State help needed for historic wharf repairs

Tathra Wharf repairs in 2016 after the damage caused by the East Coast Low.
Tathra Wharf repairs in 2016 after the damage caused by the East Coast Low.

There are concerns that urgent repairs to Tathra Wharf could far exceed the $1 million estimate if the Office of Environment and Heritage (OEH) insists on a full heritage style replacement of decayed timbers.

The concern was raised in the council meeting by council’s director transport and utilities Terry Dodds during discussion about the historic wharf.
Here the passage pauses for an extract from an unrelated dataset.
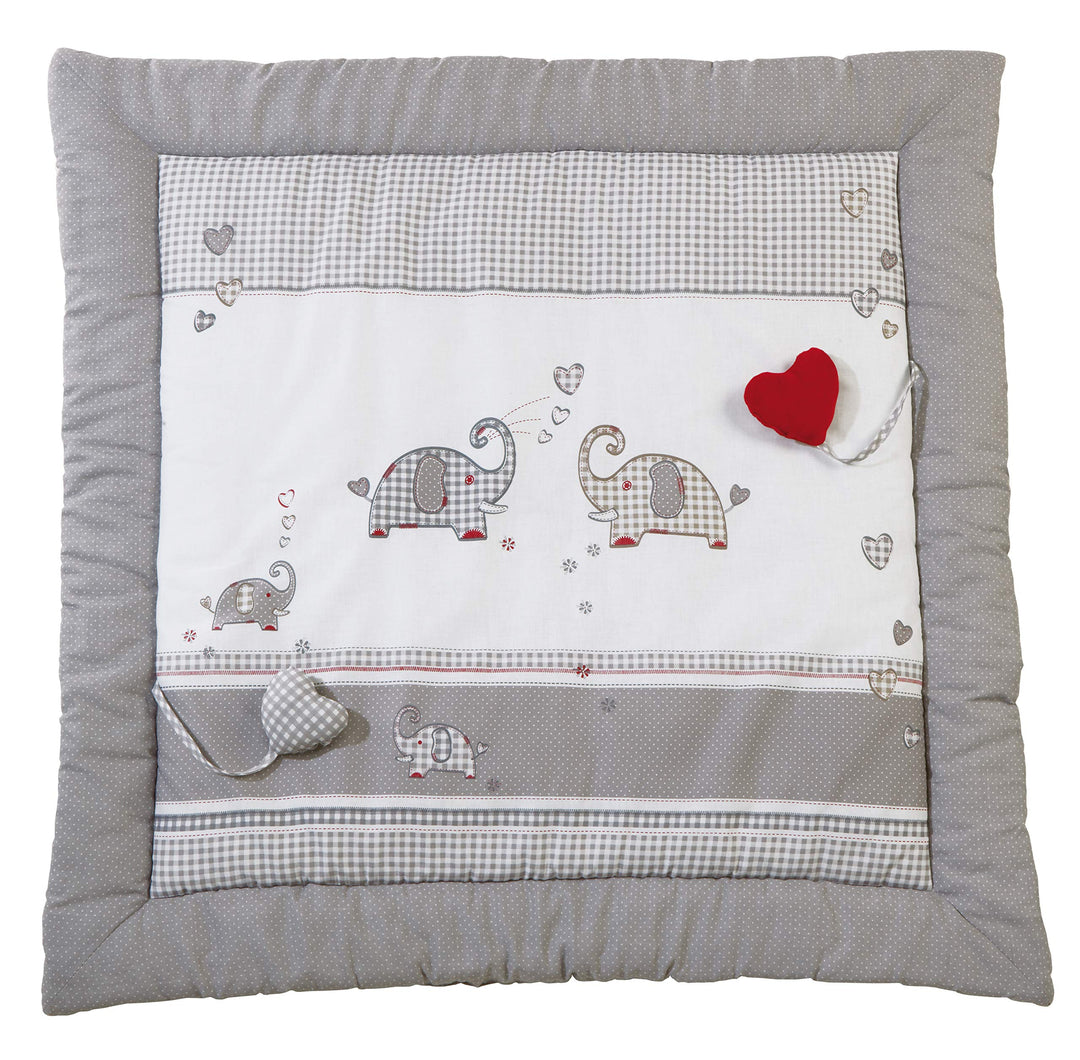 roba Spiel- & Krabbeldecke Jumbotwins - 100 x 100 cm - Gepolsterte Spieldecke für Babys - Spielunter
A detailed condition assessment of the wharf identified that over 28 per cent of the over-water piles supporting the wharf have deteriorated to such a degree that major replacement or repair works are required within the next 12 months, at a cost in excess of $1 million.

Mr Dodds explained that cost estimates were based on the use of modern materials covered with a wooden sleeve.

“But if the OEH says all it all has to be turpentine and ironbark, I can’t say what it will cost,” Mr Dodds said.

He also outlined some of the repair challenges pointing out that work would have to start from the shore side and move towards the ocean as the wharf needed to be strong enough to support heavy repair machinery.

But not surprisingly the biggest concern was funding.

“It’s about starting the advocacy role; it’s a state asset. This community can’t fund that [the repairs] and so will be putting a lot of pressure on government. We will be very strongly canvassing with Crown Lands and state ministers,” council’s general manager Leanne Barnes said.

The wharf is the only deep sea wharf and cargo shed dating from the 1800s remaining on Australia’s east coast and is listed on the State Heritage Register. It is a major attraction for locals and visitors to the area.

As the appointed corporate reserve trust manager for the Tathra Wharf Reserve, on behalf of the Department of Industry - Lands, council is eligible for funding support through the Public Reserves Management Fund Program. 

The program funds projects up to $2 million but council staff will be under enormous pressure as applications for the 2017/2018 round close on March 24.